Hager hält dagegen, dass es haltbare alte Sorten gibt wie den Altländer Pfannkuchenapfel, der erst Monate nach der Ernte im März richtig schmeckt und bis Juli hält. Manche Äpfel könnten in Mieten oder im Naturkeller zwölf Monate lagern. Zudem berichtet er von Kunden, die meinten, sie seien Apfelallergiker. Dann habe sich herausgestellt, dass sie nur auf die handelsüblichen Sorten allergisch reagieren, andere aber sehr gut essen können.

Während Hager berichtet, dass die Bäume in den Gärten in Vorpommern «proppevoll» hängen, erwarten die Plantagen eine geringe Ernte. Laut Hornig sind im Land nach dem Rekordergebnis von 2008 mit 53 000 Tonnen in diesem Jahr nur etwa 35 000 Tonnen zu ernten. Ein Grund sei der Frost am 19./20. April. Auch sei es zu trocken gewesen. «Wir tun gut daran, weiter in Bewässerung zu investieren», meint er. Viele Sorten schwankten auch zwischen Ertrags- und Ausfalljahren. So bringe Elstar diesmal nur die Hälfte der Vorjahresernte.
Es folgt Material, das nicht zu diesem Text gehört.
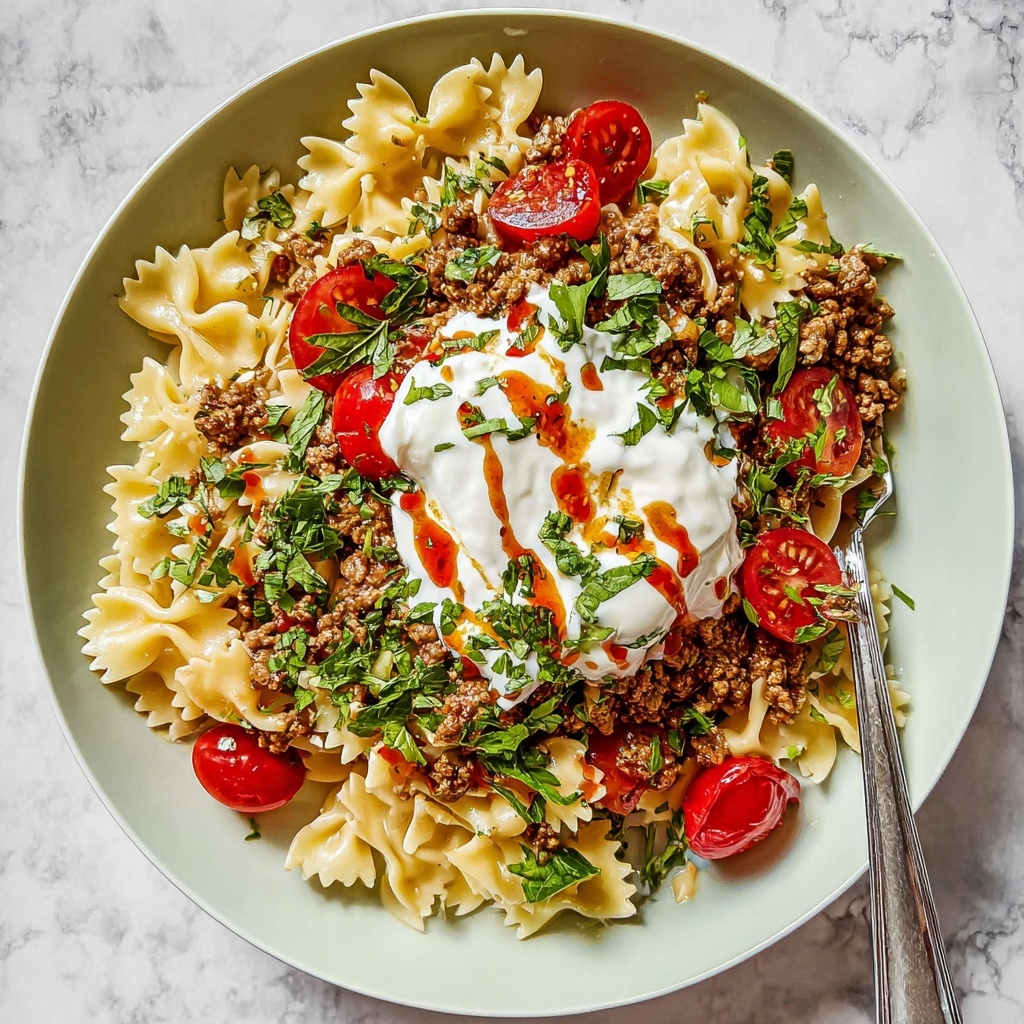 Turkish Pasta with Spiced Ground Meat and Yogurt Sauce Recipe - Recipe Image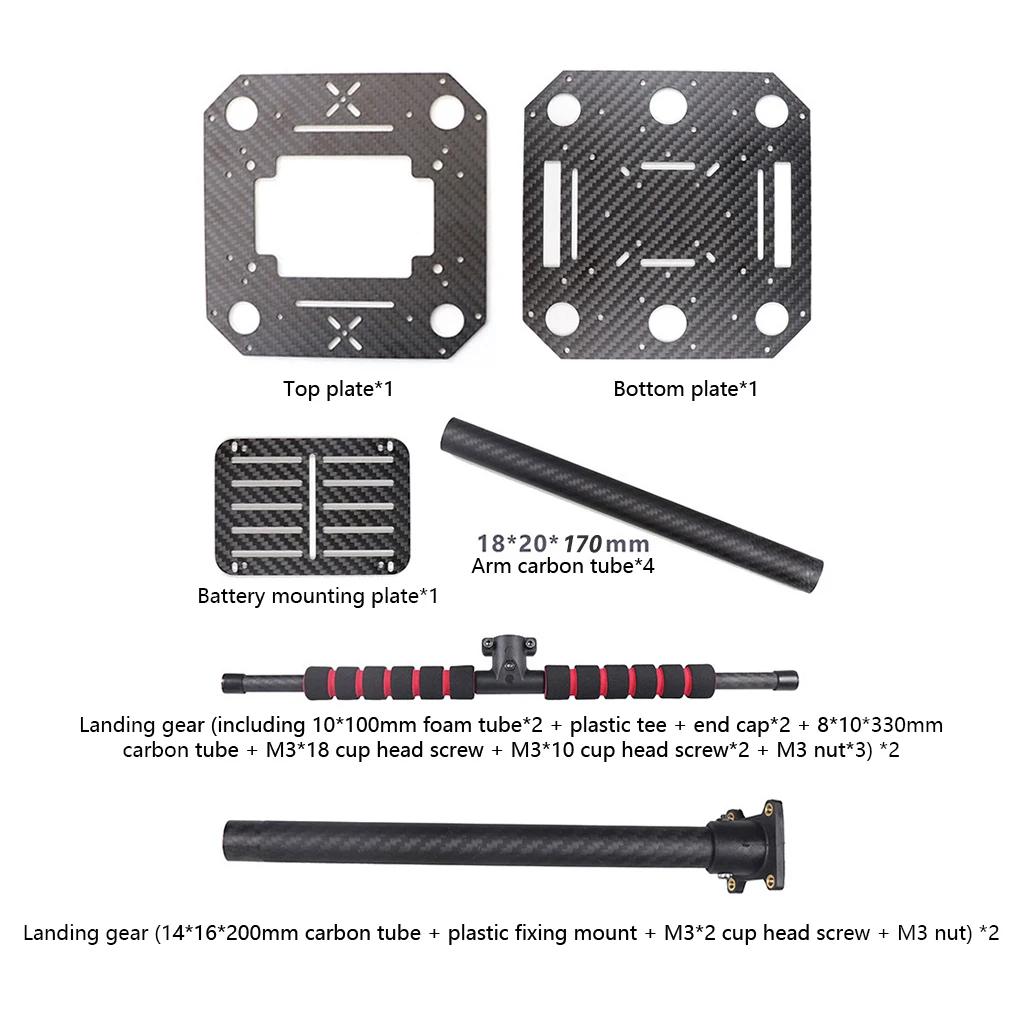 JMT Vollcarbon 450MM 550MM Radstand Trux X-Type Rahmenkit mit Batterie-Montageplatte und Fahrwerk, 30*30mm Motorloch – Detail 2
Europaweit gehen Prognosen von einer sieben Prozent geringeren Apfelernte als 2008 aus. Größter Apfelproduzent ist Polen mit 2,6 Millionen Tonnen, Deutschland liegt nach Italien und Frankreich mit einer Million Tonnen auf Platz vier. In Mecklenburg-Vorpommern wachsen Most- und Tafeläpfel auf 1250 Hektar in etwa zehn Betrieben vor allem in Westmecklenburg und bei Rostock. In Schleswig-Holstein werden besonders westlich von Hamburg und zwischen Lübeck und Kiel Äpfel angebaut, insgesamt auf 580 Hektar.